Decision Tree: Certificate Is Expiring — What Do I Do?¶
Category: Operational Decisions Starting Question: "A TLS certificate is expiring — what's the renewal path?" Estimated traversal: 3-5 minutes Domains: certificates, TLS, PKI, cert-manager, security, SRE
The Tree¶
A TLS certificate is expiring — what's the renewal path?
│
├── [Check 1] How much time until expiry?
│ │
│ ├── EXPIRED already (or < 24 hours)
│ │ └── ⚠️ THIS IS AN INCIDENT — treat as P1 if user-facing
│ │ ├── Is the service currently returning TLS errors to users?
│ │ │ ├── YES → ✅ EMERGENCY RENEWAL (see terminal action)
│ │ │ │ Page on-call immediately if not already on it
│ │ │ └── NO (cert expired but service still serving — cached/stapled)
│ │ │ └── Renewal is still URGENT — proceed as < 7 days
│ │
│ ├── < 7 days (critical — act today)
│ │ ├── [Check 2] What type of certificate?
│ │ │ ├── Let's Encrypt (via cert-manager)
│ │ │ │ ├── [Check 3] Is cert-manager Certificate object healthy?
│ │ │ │ │ ├── YES (Ready=True, no ACME errors) → auto-renewal in progress
│ │ │ │ │ │ └── → ✅ MONITOR — check again in 1 hour, act if not renewed
│ │ │ │ │ └── NO (Ready=False, errors present)
│ │ │ │ │ ├── [Check 4] What is the ACME challenge failing on?
│ │ │ │ │ │ ├── HTTP-01 challenge failing
│ │ │ │ │ │ │ ├── Is the ingress correctly routing /.well-known/acme-challenge/?

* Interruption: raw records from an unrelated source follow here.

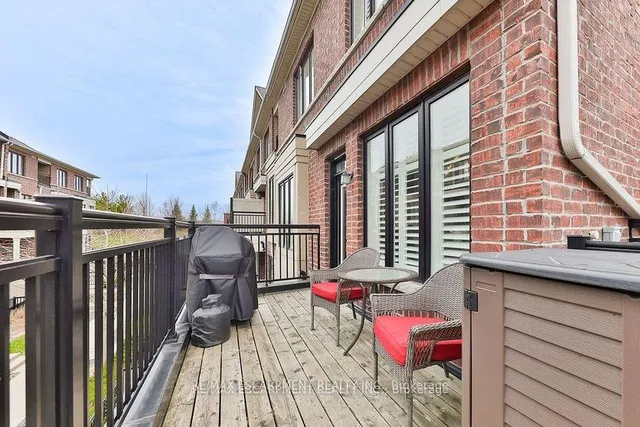 Additional image 32 of 30 Carnation Ave Unit 74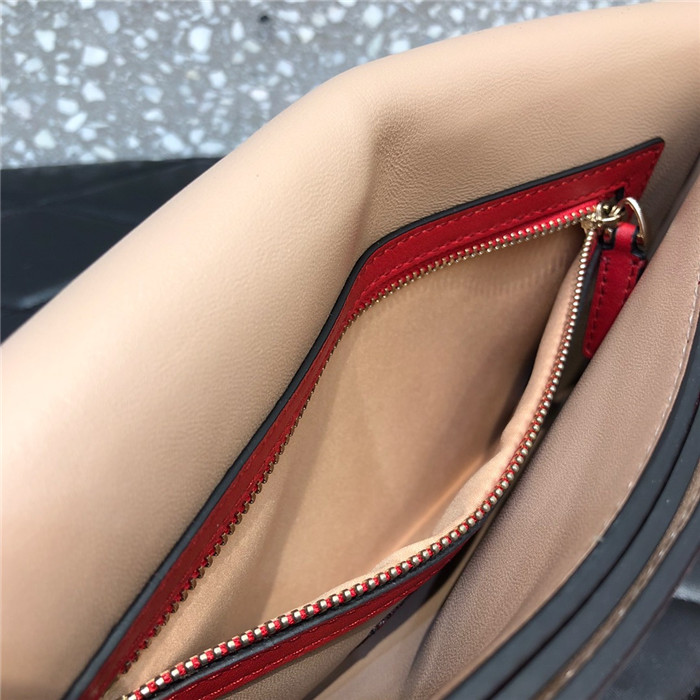 발렌티노 락스터드 스트랩 플랩 클러치백 B0399-1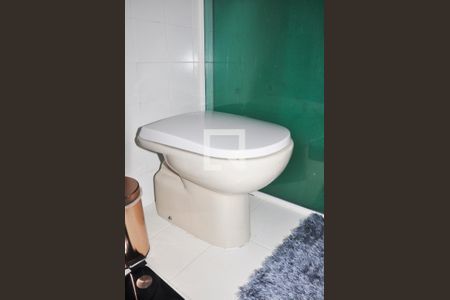 Casa para alugar com 482m², 4 quartos e 4 vagasBanheiro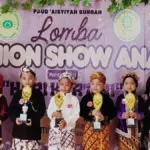 Lomba Fashion Show PAUD Aisyiyah Bungah Meriahkan Hari Kartini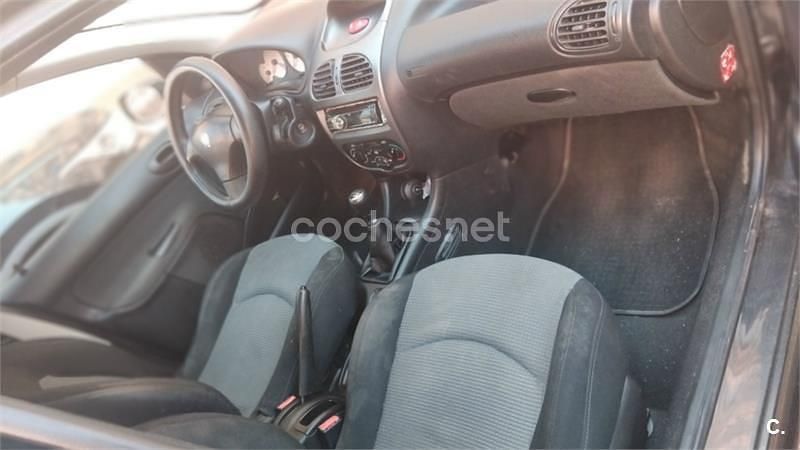 Usado Peugeot 206 70 CV (51 kW) 2005 Negro Berlina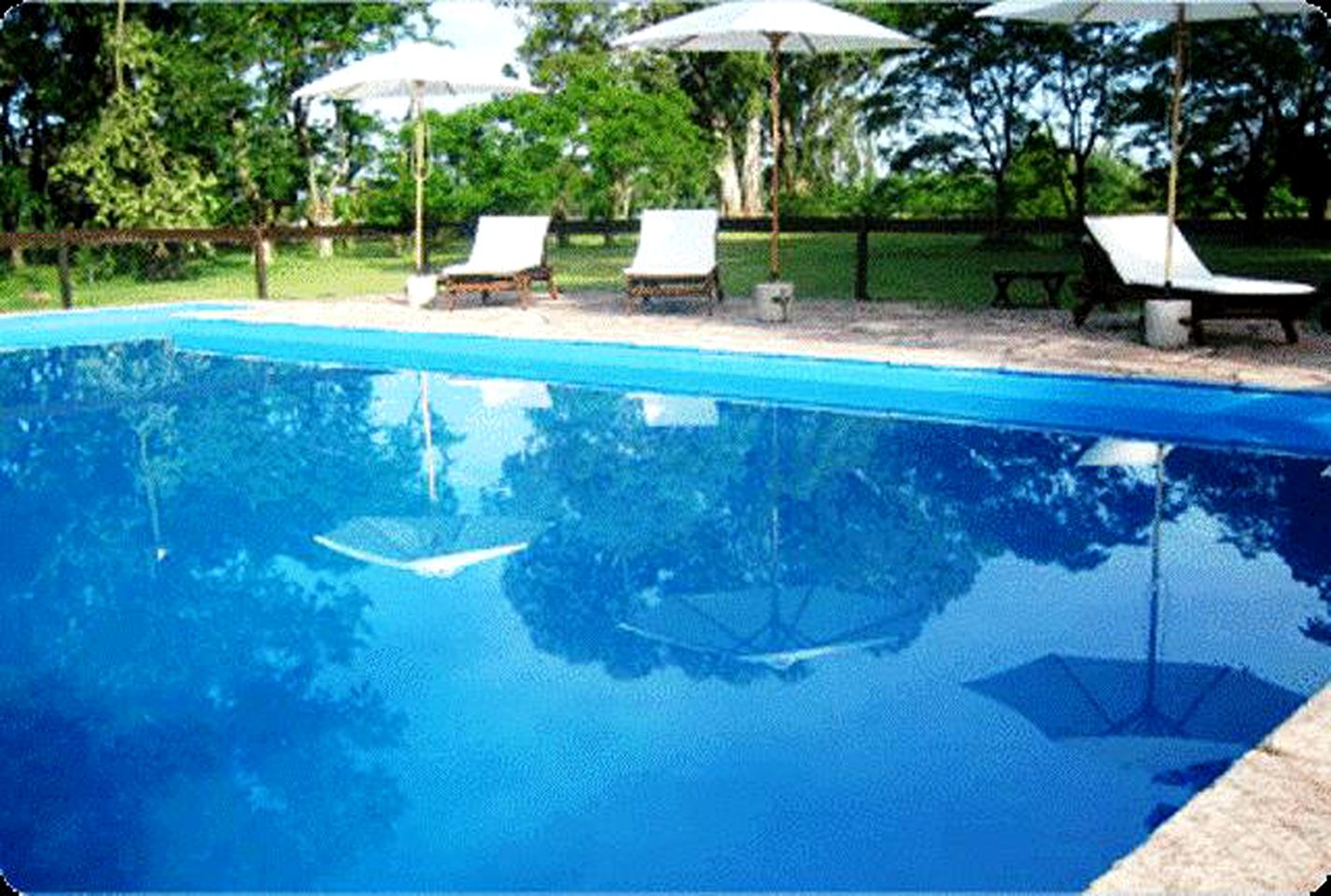 Fabulous Romantic Getaway with Outdoor Swimming Pool near Capilla del Senor, Buenos Aires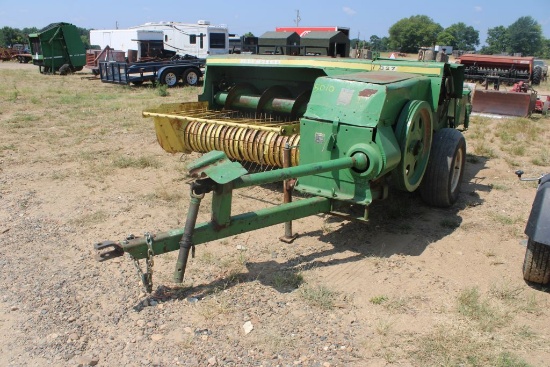 JOHN DEERE 337 SQUARE BALER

│ │ │ │ │ │ │ │ └── → ✅ FIX INGRESS ANNOTATION or path routing
│ │ │ │ │ │ ├── DNS-01 challenge failing
│ │ │ │ │ │ │ ├── Is the DNS provider secret correct?
│ │ │ │ │ │ │ │ ├── YES → check DNS propagation (TTL may be slow)
│ │ │ │ │ │ │ │ └── NO → ✅ UPDATE DNS PROVIDER SECRET + retry
│ │ │ │ │ │ ├── Rate limit hit (429 from ACME)
│ │ │ │ │ │ │ └── → ✅ USE STAGING ACME TO TEST, wait 1 hour for limit reset
│ │ │ │ │ │ └── Unknown error
│ │ │ │ │ │ └── → ✅ CHECK CERT-MANAGER LOGS + escalate to platform team
│ │ │ │
│ │ │ ├── ACM (AWS Certificate Manager)
│ │ │ │ ├── Is DNS validation CNAME present in Route53?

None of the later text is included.